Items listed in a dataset
::::::

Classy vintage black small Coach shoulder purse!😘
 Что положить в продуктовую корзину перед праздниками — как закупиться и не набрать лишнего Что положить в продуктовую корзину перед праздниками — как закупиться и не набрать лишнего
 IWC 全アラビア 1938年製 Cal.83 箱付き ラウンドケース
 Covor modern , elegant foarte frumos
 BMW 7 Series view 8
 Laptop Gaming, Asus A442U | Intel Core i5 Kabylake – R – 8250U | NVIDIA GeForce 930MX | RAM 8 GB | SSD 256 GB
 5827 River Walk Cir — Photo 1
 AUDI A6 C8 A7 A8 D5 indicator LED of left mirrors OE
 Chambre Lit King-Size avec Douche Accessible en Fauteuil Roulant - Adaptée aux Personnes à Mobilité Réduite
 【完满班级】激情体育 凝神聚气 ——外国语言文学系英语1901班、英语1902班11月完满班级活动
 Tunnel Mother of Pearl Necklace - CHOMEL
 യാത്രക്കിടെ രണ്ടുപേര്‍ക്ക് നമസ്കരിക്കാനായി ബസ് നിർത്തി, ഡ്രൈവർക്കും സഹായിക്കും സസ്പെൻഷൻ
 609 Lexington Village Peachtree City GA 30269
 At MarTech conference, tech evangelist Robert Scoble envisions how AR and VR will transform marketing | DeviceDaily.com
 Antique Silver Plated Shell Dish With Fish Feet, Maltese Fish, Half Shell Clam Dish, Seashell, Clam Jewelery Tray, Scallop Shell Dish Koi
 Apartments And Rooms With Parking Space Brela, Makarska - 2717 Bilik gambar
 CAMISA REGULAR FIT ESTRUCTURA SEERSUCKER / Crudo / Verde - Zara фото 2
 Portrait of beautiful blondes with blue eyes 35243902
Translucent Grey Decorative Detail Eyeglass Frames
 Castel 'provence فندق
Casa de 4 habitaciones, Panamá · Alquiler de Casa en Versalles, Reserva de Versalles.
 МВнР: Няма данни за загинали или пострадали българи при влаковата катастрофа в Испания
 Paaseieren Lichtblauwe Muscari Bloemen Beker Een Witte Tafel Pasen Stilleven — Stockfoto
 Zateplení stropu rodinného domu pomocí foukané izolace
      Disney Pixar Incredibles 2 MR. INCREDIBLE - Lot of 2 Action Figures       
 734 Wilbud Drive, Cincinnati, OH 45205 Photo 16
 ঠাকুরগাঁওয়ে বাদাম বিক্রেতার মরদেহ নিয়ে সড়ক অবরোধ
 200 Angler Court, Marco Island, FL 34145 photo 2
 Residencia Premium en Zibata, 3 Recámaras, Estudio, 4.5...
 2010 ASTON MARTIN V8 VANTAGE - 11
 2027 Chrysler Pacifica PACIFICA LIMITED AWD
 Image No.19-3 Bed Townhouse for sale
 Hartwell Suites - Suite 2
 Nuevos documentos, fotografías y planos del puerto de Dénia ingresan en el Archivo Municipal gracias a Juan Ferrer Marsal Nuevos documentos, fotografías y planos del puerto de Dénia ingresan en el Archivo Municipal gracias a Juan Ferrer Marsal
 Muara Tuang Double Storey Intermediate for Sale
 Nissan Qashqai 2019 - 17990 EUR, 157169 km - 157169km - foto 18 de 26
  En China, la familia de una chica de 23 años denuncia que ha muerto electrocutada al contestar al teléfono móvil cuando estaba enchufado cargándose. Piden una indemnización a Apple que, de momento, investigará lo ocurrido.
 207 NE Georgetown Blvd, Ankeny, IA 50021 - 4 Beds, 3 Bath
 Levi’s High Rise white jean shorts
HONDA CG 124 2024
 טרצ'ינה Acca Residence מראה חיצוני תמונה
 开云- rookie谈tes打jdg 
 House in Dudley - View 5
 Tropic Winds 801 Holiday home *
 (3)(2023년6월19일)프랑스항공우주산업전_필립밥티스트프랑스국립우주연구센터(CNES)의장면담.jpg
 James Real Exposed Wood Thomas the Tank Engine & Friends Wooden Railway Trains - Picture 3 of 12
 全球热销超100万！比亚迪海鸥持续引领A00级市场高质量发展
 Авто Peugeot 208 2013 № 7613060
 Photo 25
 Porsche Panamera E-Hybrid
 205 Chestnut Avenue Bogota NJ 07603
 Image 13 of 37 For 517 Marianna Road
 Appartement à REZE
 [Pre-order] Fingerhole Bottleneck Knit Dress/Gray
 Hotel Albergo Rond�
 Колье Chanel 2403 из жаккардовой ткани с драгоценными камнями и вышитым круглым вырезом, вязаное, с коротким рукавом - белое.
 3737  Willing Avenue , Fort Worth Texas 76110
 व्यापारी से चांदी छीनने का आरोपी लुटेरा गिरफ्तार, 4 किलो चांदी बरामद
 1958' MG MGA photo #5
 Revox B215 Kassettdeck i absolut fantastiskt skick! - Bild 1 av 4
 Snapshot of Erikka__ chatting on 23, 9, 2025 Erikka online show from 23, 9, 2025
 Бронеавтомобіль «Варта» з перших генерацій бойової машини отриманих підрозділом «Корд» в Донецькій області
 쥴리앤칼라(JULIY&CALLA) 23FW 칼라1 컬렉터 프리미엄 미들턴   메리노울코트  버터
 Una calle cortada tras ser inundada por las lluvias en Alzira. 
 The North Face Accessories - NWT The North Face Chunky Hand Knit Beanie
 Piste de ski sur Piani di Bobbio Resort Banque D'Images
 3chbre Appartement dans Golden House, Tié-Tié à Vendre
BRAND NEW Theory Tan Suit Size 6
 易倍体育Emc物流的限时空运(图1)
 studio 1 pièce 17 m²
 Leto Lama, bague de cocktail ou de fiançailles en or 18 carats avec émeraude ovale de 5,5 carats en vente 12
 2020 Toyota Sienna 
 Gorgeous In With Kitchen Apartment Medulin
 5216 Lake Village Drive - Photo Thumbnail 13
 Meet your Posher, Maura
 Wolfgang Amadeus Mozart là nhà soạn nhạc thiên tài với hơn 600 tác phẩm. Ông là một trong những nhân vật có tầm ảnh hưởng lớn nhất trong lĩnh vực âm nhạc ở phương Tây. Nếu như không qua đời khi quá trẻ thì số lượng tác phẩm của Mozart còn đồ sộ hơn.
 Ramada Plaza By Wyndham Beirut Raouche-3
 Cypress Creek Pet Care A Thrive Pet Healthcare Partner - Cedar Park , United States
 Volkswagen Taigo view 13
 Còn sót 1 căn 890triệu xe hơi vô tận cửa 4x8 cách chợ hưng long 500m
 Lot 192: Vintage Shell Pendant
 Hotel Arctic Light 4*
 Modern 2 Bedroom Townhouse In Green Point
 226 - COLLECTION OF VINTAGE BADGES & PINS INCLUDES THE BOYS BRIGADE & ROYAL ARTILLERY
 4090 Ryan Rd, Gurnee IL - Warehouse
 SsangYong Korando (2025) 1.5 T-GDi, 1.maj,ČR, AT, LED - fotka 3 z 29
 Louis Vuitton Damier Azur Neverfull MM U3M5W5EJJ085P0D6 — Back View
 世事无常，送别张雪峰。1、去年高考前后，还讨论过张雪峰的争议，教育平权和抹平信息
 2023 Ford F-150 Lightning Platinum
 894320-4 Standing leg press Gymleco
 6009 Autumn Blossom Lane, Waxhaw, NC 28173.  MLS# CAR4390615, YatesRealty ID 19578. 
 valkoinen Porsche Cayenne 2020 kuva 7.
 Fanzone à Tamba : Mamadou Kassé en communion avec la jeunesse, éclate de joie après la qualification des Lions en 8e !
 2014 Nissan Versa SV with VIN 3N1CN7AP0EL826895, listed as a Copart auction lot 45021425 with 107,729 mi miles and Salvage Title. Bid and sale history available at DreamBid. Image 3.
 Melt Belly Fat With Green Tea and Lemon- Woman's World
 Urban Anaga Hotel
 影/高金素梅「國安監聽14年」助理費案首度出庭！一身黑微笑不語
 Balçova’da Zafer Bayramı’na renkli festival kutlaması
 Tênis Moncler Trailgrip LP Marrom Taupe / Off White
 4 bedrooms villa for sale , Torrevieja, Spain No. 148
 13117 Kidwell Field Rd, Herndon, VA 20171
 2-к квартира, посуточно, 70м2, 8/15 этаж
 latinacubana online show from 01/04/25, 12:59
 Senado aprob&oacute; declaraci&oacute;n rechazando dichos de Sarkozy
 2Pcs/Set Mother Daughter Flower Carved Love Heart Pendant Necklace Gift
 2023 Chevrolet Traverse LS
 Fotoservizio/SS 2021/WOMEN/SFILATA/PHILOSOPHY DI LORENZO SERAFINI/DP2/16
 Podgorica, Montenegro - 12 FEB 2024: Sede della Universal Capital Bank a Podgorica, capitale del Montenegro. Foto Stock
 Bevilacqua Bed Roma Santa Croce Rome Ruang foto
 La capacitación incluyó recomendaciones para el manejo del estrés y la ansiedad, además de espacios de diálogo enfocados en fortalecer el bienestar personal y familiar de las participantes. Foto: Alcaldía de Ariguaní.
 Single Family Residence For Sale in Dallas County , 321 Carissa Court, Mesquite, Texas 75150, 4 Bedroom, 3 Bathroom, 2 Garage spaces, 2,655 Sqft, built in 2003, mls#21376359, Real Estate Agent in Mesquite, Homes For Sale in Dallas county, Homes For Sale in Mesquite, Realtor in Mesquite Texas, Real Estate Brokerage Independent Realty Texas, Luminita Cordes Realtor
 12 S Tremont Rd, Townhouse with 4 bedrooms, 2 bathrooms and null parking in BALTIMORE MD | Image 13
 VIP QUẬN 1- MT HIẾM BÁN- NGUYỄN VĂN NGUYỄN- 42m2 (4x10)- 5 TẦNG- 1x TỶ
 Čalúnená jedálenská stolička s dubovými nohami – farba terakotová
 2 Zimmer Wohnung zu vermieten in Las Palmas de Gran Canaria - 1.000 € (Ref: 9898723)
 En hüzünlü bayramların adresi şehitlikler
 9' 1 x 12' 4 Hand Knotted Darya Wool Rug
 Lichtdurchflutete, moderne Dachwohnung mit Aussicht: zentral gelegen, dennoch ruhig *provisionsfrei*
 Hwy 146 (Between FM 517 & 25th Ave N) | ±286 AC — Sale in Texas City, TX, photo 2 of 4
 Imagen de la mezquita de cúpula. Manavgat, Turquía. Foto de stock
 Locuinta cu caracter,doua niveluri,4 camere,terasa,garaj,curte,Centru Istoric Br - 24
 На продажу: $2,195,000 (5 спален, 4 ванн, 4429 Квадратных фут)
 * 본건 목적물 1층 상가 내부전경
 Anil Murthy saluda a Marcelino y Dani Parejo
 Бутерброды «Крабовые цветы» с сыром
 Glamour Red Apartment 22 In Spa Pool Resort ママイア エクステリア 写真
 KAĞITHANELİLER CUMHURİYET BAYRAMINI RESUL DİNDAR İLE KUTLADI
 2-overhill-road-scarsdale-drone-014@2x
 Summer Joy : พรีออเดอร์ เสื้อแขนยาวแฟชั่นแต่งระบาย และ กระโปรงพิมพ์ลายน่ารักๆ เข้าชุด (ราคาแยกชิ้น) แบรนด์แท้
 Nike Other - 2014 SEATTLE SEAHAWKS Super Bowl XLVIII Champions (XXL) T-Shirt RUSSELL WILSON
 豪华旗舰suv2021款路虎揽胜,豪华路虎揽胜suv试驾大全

::::::

WORK ORDER:
Please report all lines in the entries where "Resort" appears.

RESULT BELOW:
 Piste de ski sur Piani di Bobbio Resort Banque D'Images
 Glamour Red Apartment 22 In Spa Pool Resort ママイア エクステリア 写真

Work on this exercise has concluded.